Comment by alphabetting

2 years ago

Obtaining this dataset prior to alphafold would have cost on the order of $200 trillion. https://twitter.com/wintonARK/status/1552653527670857729

Anyone knowledgeable know if this estimate is accurate? Insane if true

It's impossible to really put a number on it, because the task itself was impossible. PHDs and the field's top scientists simply couldn't figure out many complicated protein structures after years of attempts, and the fact that there's so many (200M+) mean that the problem space is vast.

It doesn't make any sense on multiple levels. This is a computational prediction and there was no computational alternative- for many of these proteins would never have had a structure solved even if you spent the money. They are just taking $cost_per_structure_solved * number_of_remaining_structures and assuming that things scale linearly like that.

Note that crystallographers are now using these predicftions to bootstrap models of proteins they've struggled to work with, which indicates the level of trust in the structural community for these predictions is pretty high.

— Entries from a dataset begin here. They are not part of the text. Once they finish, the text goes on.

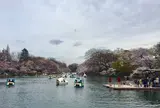 井の頭自然文化園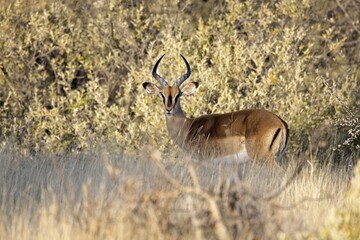 Black Faced Impala Buck with good horns standing in the African Bush, Etosha National Park, Namibia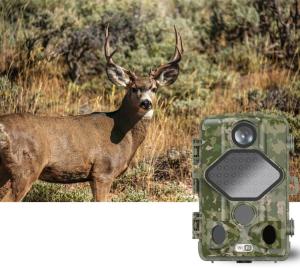 Quality 4K/2.7K/1080P Hunting Surveillance Camera With 4xAA Batteries 2500mAh wholesale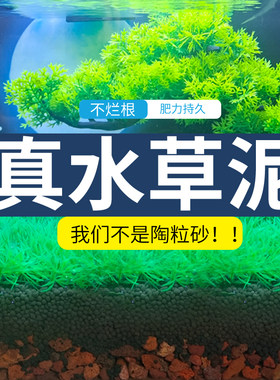【净水版】保真水草泥(当天发货)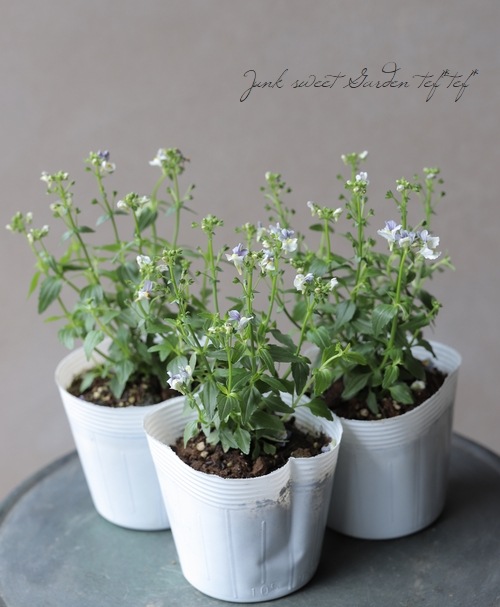 ˧��ɺ��ͥ᥷�����ͥ������إե��󥿥����ԥ󥯡�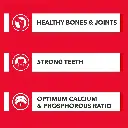 Drools absolute calcium milk bone 3.webp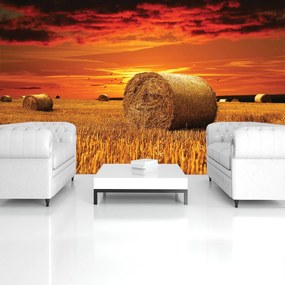 Fototapet - Câmp (152,5x104 cm)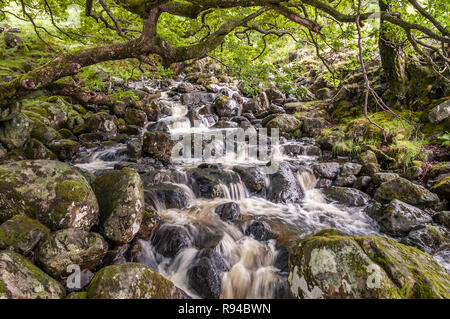 Barrow Beck fließt unter den Bäumen in der Nähe von Ashness Brücke im Nationalpark Lake District, England. Stockfoto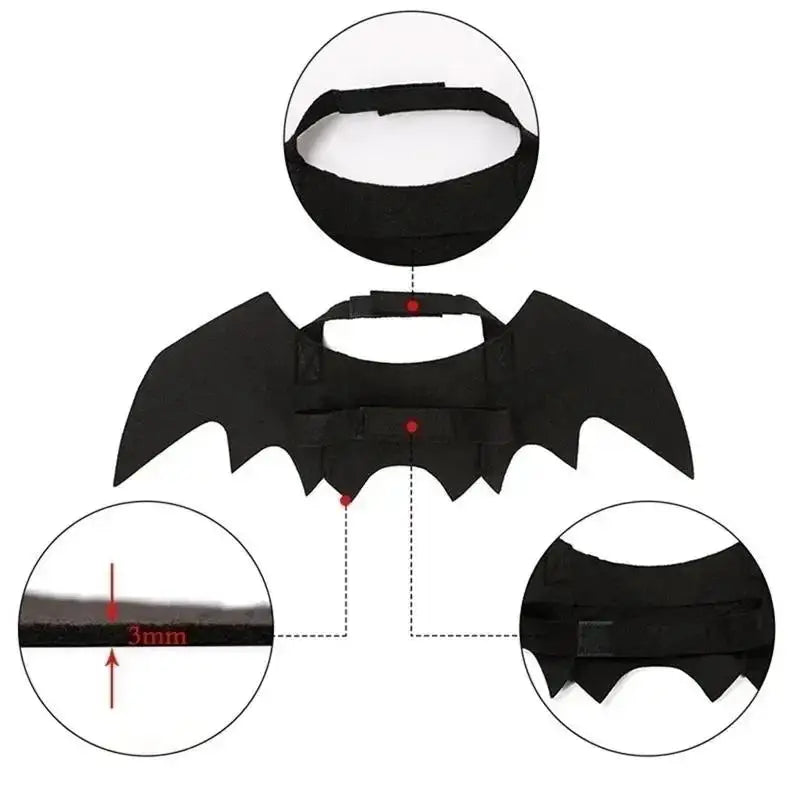 Wholesale Cute Cat Cosplay Costume Black Bat Wings Safety Belt Role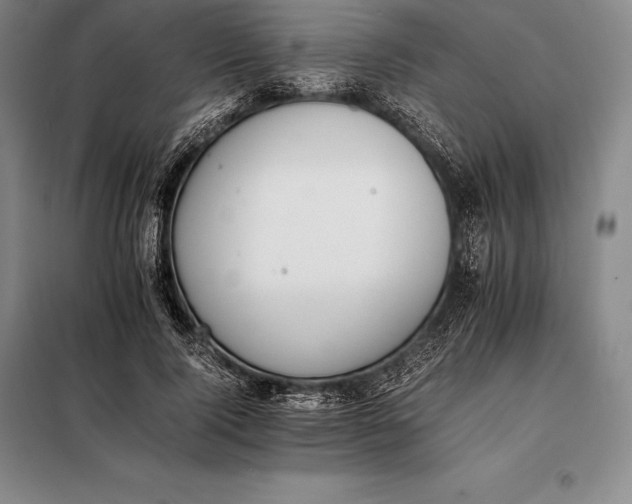 X0000098140740200805011343
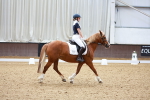 SBM_008079
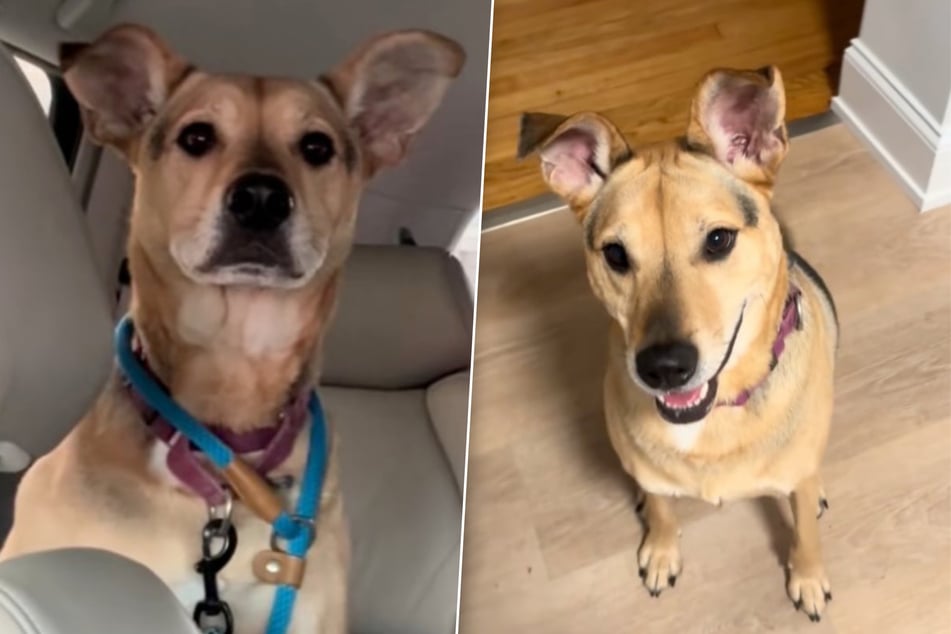 Dog has heartbreaking reaction to being brought back to shelter: "Sweet angel deserves more"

Even if that's exaggerated, it might have taken significant time to reach to this stage. Probably on the order of >50 years.

Off the top of my head:

(200 trillion cost) / (200 million structures predicted) = 1 million per structure.

That reflects the personnel cost (5 Yr PHP scholarship, PostDoc/Prof mentorship; inverstment+depreciation for the lab equipment). All this to crystallize 1 structure and characterize its folding behavior.

I don't know if this calculation is too simplistic, just coming up with something.